This open ‘sandwich’ was devised for our Californian Dreamin’ 2 Supper Club. It’s based on a ‘French Dip’ sandwich, which was invented in Los Angeles in the early 20th Century. The sandwich comprises, layers of roast beef, caramelized onions, Swiss cheese, and most importantly a bowl of jus or gravy, in which to dip the sandwich. It is served with garnishes of salad and fries.

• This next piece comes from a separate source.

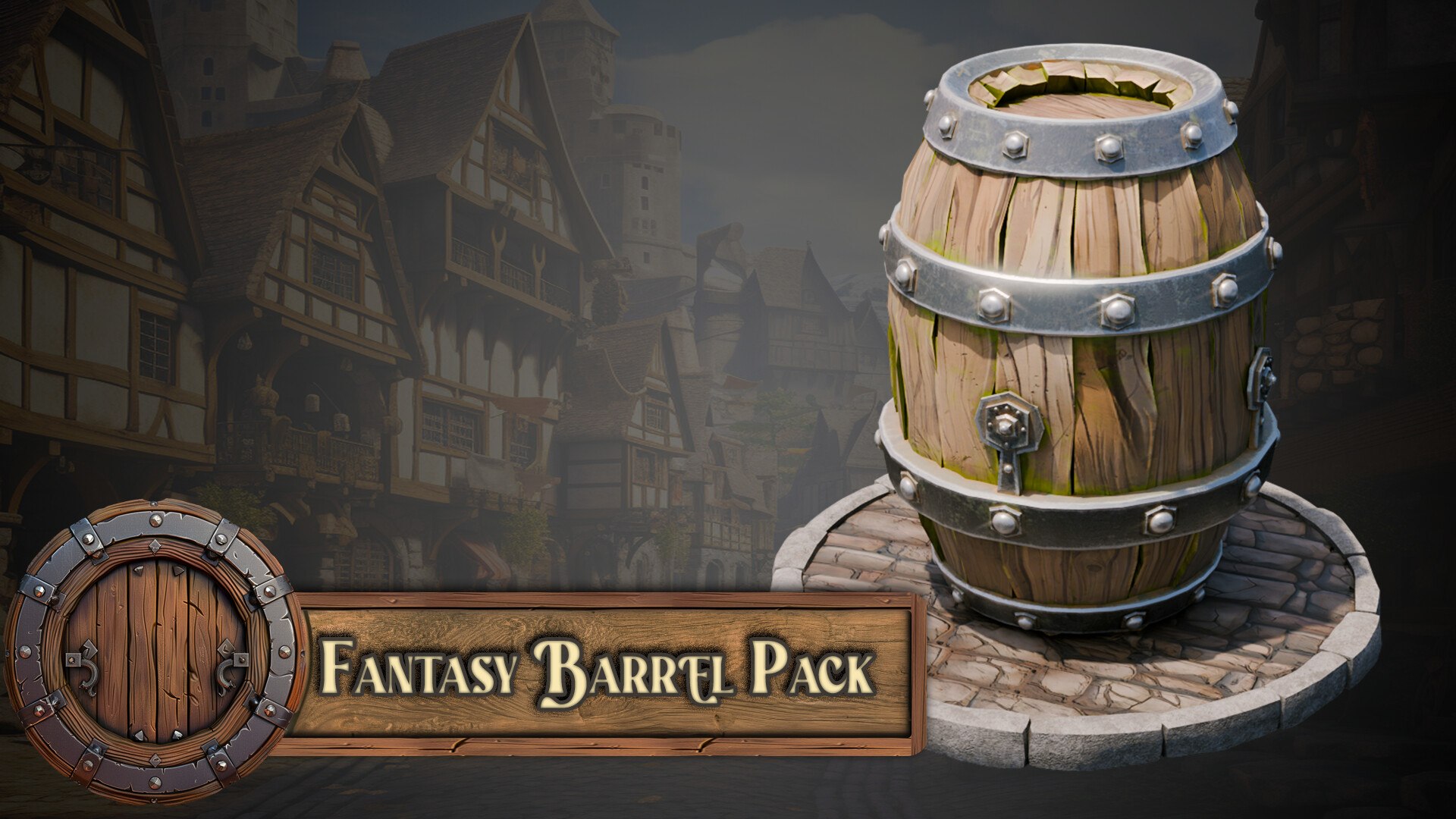 3D model Fantasy Barrels Massive Pack https://p.turbosquid.com/ts-thumb/GL/Hi6kVz/uB/barrel6/jpg/1718973657/1920x1080/fit_q87/83fd86b7c41bb0d52caa24e3f7156fc427b6d140/barrel6.jpg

In fact, as a Californian I was not aware of the French Dip. No doubt my mother was, whether she called it ‘French’ or a ‘dip’, or not, she would always prefer to cook steak in a way that had more in common with a French Dip than a T-bone. Her steak came from the flank, or skirt, and was sliced thinly and generously tumbled over bread. But her trick was to collect generous amounts of steak juices, which she poured over the steak so that it absorbed into the bread. There is a distinctive texture/taste explosion which happens when you combine, meat, jus or gravy and bread. It must trigger primal reactions, where we crave and devour the rare meat and mop up the juices with bread. It’s the vaguely embarrassing and guilty pleasure of eating at a hog roast or barbecue where all that is required is a piece of bread on which to gather meat, or of more humble and modest feasts, where the joint is used to create dripping and gravy which is served with batter puddings. It also ties into our unashamed and almost uncritical love of gravy. Gravy not only exists to moisten meat, but most importantly to flavour bread, rice or potatoes.
There appears to be some controversy over exactly who invented the French Dip sandwich, or how and why it came into being. But as the above demonstrates, combining bread meat and gravy is hardly an original idea. So it’s no wonder that our mother would serve her steak sandwiches ‘au jus’. And this is the inspiration for keeping my open sandwich version on the Californian Dreamin’ 2 menu. It’s the food of my California home.